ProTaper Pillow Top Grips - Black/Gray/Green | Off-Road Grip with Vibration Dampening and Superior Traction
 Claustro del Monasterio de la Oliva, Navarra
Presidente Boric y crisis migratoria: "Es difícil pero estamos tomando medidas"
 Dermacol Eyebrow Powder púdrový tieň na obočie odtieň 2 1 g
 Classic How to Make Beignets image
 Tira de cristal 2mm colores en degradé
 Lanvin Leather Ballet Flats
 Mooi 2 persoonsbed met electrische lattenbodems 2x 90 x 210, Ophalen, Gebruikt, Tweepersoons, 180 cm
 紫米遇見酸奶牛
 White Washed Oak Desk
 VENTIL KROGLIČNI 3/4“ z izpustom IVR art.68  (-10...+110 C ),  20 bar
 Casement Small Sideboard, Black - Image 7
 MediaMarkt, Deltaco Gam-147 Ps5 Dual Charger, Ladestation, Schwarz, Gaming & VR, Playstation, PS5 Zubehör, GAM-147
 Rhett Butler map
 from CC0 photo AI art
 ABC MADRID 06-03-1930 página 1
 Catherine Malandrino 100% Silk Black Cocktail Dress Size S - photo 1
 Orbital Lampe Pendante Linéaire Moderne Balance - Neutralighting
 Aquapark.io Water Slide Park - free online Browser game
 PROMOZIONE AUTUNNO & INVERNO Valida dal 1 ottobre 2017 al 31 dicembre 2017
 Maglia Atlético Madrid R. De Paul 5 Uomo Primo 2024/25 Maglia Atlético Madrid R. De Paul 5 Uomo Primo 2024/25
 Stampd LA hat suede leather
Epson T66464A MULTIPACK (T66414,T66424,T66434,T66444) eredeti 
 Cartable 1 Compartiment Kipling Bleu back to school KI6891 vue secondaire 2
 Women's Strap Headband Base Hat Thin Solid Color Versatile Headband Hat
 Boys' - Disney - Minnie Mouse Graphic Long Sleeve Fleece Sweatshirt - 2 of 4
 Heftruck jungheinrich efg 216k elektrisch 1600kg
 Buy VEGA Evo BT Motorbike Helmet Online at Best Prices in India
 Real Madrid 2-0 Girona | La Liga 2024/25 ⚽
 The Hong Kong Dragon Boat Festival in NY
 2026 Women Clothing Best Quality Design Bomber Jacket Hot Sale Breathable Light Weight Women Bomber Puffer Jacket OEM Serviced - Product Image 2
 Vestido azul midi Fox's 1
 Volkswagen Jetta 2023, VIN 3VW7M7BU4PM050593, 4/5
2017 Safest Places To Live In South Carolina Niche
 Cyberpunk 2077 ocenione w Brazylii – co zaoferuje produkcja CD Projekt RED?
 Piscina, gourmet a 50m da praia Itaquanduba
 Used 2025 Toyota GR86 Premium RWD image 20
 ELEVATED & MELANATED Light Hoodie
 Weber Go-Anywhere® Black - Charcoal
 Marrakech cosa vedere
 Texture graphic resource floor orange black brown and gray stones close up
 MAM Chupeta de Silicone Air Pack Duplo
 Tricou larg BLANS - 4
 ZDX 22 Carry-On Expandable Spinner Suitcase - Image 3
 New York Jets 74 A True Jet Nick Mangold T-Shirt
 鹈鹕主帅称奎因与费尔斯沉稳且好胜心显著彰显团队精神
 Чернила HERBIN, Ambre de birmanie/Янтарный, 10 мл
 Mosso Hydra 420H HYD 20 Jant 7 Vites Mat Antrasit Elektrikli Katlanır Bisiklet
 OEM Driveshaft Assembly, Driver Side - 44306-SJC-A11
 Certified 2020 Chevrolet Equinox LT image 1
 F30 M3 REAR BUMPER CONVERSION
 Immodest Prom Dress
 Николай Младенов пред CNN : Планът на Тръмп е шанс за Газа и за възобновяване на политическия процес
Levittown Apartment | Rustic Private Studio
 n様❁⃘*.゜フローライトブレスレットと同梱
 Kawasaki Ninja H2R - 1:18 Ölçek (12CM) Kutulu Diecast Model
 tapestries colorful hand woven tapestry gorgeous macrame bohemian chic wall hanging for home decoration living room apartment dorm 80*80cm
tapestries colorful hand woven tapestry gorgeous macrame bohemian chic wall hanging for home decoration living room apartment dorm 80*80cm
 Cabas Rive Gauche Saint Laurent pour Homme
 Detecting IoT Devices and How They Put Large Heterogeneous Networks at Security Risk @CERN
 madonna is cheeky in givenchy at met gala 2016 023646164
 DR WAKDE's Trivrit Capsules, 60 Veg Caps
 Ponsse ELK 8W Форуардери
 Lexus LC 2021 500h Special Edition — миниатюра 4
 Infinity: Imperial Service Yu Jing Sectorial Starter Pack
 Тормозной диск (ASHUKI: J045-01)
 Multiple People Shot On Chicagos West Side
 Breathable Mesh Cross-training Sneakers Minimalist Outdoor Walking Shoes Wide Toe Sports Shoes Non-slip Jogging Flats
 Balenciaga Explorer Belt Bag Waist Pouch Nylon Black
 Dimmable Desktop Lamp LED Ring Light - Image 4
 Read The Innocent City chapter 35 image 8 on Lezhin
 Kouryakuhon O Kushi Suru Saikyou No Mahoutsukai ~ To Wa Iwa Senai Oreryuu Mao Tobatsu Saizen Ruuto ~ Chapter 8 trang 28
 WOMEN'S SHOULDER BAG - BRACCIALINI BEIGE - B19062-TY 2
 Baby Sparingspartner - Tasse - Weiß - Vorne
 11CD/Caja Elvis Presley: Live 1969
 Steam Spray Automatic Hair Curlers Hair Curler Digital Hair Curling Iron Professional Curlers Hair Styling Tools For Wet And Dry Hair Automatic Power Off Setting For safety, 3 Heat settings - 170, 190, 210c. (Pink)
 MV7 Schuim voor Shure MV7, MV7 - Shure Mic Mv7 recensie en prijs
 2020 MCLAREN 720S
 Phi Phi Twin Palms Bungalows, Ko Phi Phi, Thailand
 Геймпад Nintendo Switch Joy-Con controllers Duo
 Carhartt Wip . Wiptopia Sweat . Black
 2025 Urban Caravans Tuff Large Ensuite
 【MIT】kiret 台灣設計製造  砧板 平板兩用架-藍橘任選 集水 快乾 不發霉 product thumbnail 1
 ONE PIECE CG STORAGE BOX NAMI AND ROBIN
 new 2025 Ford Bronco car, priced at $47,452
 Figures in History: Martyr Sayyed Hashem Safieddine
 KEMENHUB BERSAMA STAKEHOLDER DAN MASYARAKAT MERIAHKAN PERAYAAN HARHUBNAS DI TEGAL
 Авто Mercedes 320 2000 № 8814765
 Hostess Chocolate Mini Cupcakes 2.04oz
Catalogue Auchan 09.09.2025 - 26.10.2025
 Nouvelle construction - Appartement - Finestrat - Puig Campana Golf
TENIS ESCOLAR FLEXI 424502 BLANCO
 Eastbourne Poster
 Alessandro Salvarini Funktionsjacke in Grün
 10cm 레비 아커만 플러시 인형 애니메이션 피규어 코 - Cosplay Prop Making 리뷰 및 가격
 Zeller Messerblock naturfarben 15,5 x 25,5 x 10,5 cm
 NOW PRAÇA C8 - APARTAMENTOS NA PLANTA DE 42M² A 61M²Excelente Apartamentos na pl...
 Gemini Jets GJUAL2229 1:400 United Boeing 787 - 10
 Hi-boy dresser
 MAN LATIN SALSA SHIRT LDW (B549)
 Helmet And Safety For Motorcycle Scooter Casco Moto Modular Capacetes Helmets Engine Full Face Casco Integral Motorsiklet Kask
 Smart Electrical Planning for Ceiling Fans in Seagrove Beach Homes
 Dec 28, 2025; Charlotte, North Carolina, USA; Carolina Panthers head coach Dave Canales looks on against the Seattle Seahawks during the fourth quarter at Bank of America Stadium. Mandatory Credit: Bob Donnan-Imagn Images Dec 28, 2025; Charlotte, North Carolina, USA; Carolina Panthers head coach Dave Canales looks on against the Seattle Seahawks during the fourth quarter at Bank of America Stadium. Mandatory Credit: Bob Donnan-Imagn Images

#### [What the exercise asks]
Beginning at the line that holds "MAN LATIN SALSA SHIRT LDW (B549)", write out word for word each line through the end of the records.

#### [Output for this task]
 MAN LATIN SALSA SHIRT LDW (B549)
 Helmet And Safety For Motorcycle Scooter Casco Moto Modular Capacetes Helmets Engine Full Face Casco Integral Motorsiklet Kask
 Smart Electrical Planning for Ceiling Fans in Seagrove Beach Homes
 Dec 28, 2025; Charlotte, North Carolina, USA; Carolina Panthers head coach Dave Canales looks on against the Seattle Seahawks during the fourth quarter at Bank of America Stadium. Mandatory Credit: Bob Donnan-Imagn Images Dec 28, 2025; Charlotte, North Carolina, USA; Carolina Panthers head coach Dave Canales looks on against the Seattle Seahawks during the fourth quarter at Bank of America Stadium. Mandatory Credit: Bob Donnan-Imagn Images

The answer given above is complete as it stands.